Expelled from school for allegedly attempting to rape a fellow pupil, Sam Marsdyke remains excluded from his family and gossiping community. He is confined to working the farm with his gruff, monosyllabic father and trudging across the moors, dwelling on the frustrations and injustices of his life.
Despite Sam’s distinct hostility towards the townies his interests are aroused when a London family, with an adolescent daughter, move into the neighbouring farm. The daughter’s unruly nature, coupled with her boredom, leads to an uncanny friendship between the two, and she unwittingly further encourages Sam’s fevered imaginings, setting the stage for impending tragedy.
It is not the somewhat predictable storyline which makes this novel so remarkable, but the fantastically vivid, unique interior monologue of the narrator.

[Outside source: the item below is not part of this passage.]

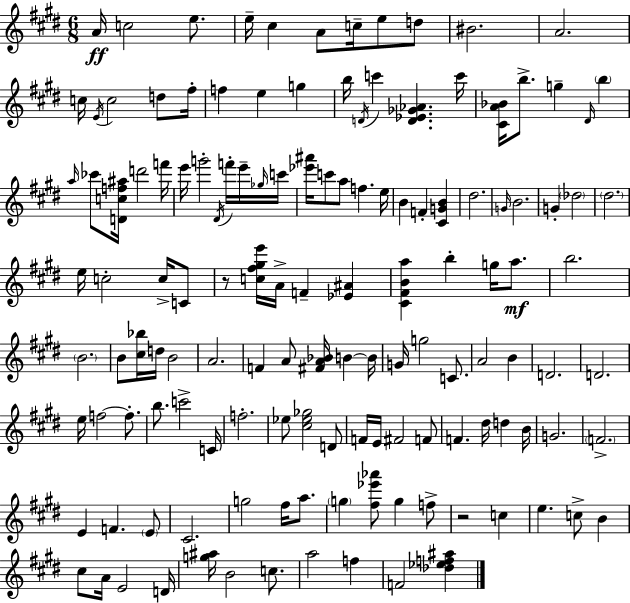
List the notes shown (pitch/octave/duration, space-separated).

A4/s C5/h E5/e. E5/s C#5/q A4/e C5/s E5/e D5/e BIS4/h. A4/h. C5/s E4/s C5/h D5/e F#5/s F5/q E5/q G5/q B5/s D4/s C6/q [D4,Eb4,Gb4,Ab4]/q. C6/s [C#4,A4,Bb4]/s B5/e. G5/q D#4/s B5/q A5/s CES6/e [D4,C5,F5,A#5]/s D6/h F6/s E6/s G6/h D#4/s F6/s E6/s Gb5/s C6/s [Eb6,A#6]/s C6/e A5/e F5/q. E5/s B4/q F4/q [C#4,G4,B4]/q D#5/h. G4/s B4/h. G4/q Db5/h D#5/h. E5/s C5/h C5/s C4/e R/e [C5,F#5,G#5,E6]/s A4/s F4/q [Eb4,A#4]/q [C#4,F#4,B4,A5]/q B5/q G5/s A5/e. B5/h. B4/h. B4/e [C#5,Bb5]/s D5/s B4/h A4/h. F4/q A4/e [F#4,A4,Bb4]/s B4/q B4/s G4/s G5/h C4/e. A4/h B4/q D4/h. D4/h. E5/s F5/h F5/e. B5/e. C6/h C4/s F5/h. Eb5/e [C#5,Eb5,Gb5]/h D4/e F4/s E4/s F#4/h F4/e F4/q. D#5/s D5/q B4/s G4/h. F4/h. E4/q F4/q. E4/e C#4/h. G5/h F#5/s A5/e. G5/q [F#5,Eb6,Ab6]/e G5/q F5/e R/h C5/q E5/q. C5/e B4/q C#5/e A4/s E4/h D4/s [G5,A#5]/s B4/h C5/e. A5/h F5/q F4/h [Db5,Eb5,F5,A#5]/q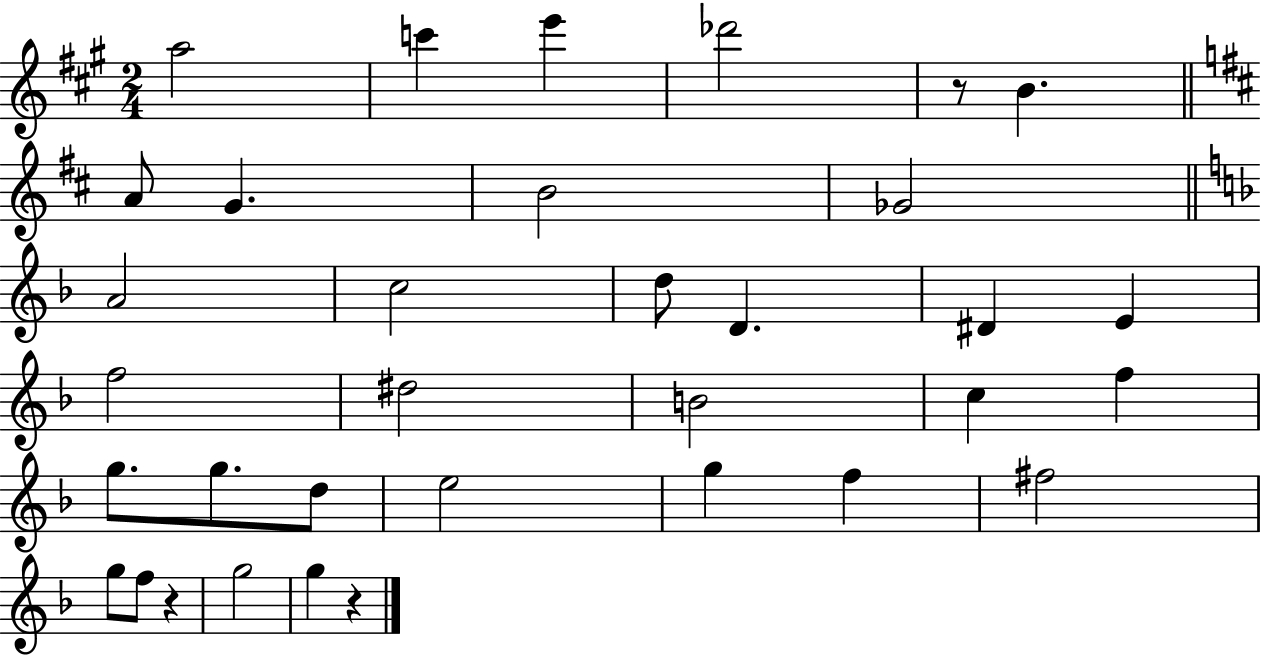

Sam, whose love for the ‘real’, sheer Moors is depicted with vitality and dexterity, passes acutely witty observations about the kitsch, goggle-eyed world of the tourist and second homers who view famers with awe as, ‘real, living, farting Nature’. Sam’s whirling mind, filled with blasersykthes and nimrods, gommerils and nazzarts, has an engaging ability to animate everything he encounters; he can imagine the thoughts of stuffed fox head in the pub and conjure up the empty chit-chat of exasperating ramblers trundling along the moors. Its Sam’s voice, both funny and disconcerting, which renders him a pitiable yet repellent character and makes for an absorbing read.